Pictures are not part of the copy; repeat everything else in the records exactly.

(AVAILABLE DATA begins)

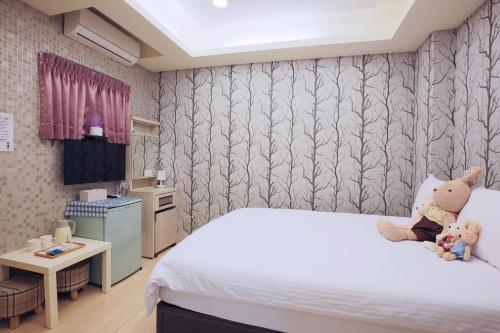 Double Room with Private Bathroom image 9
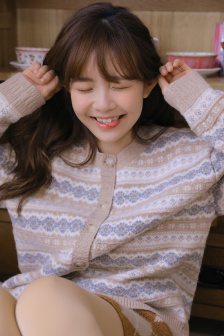 邊隔著內褲揉邊夾腿夾腿會怎么樣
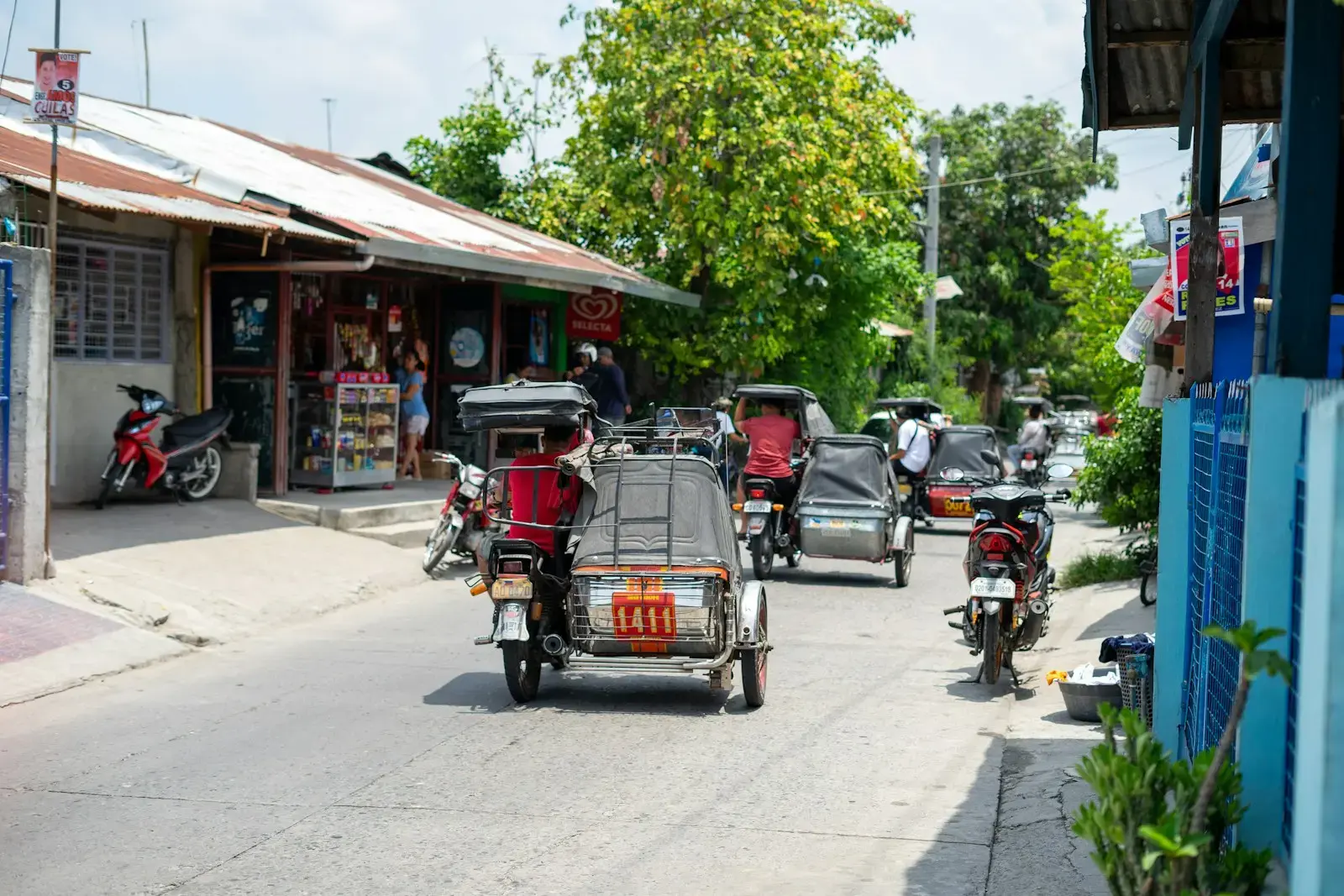 Photo by Anthony Young gray and black tricycle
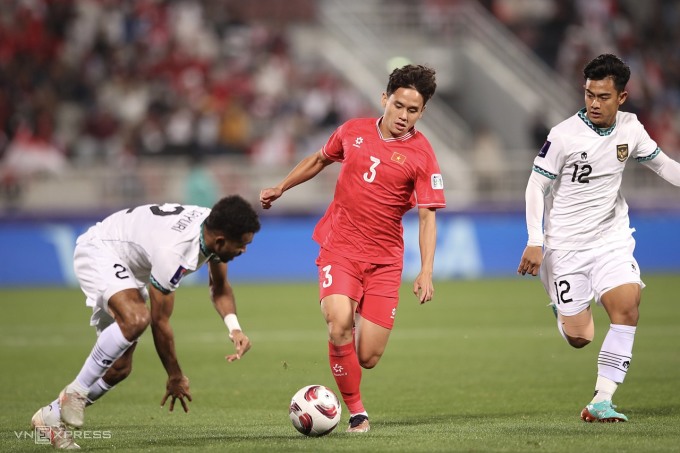 Võ Minh Trọng (đỏ) đi bóng trong sự đeo bám của các cầu thủ Indonesia ở lượt hai bảng D Asian Cup ngày 19/1/2024. Ảnh: Lâm Thoả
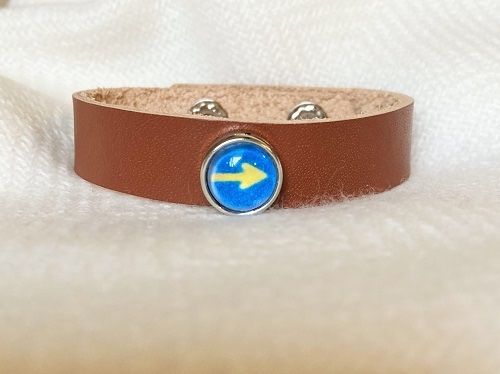 Camino Yellow Arrow bracelet - Dark Blue on Brown leather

(AVAILABLE DATA ends)

**TASK RESULT:**
 Double Room with Private Bathroom image 9
 邊隔著內褲揉邊夾腿夾腿會怎么樣
 Photo by Anthony Young gray and black tricycle
 Võ Minh Trọng (đỏ) đi bóng trong sự đeo bám của các cầu thủ Indonesia ở lượt hai bảng D Asian Cup ngày 19/1/2024. Ảnh: Lâm Thoả
 Camino Yellow Arrow bracelet - Dark Blue on Brown leather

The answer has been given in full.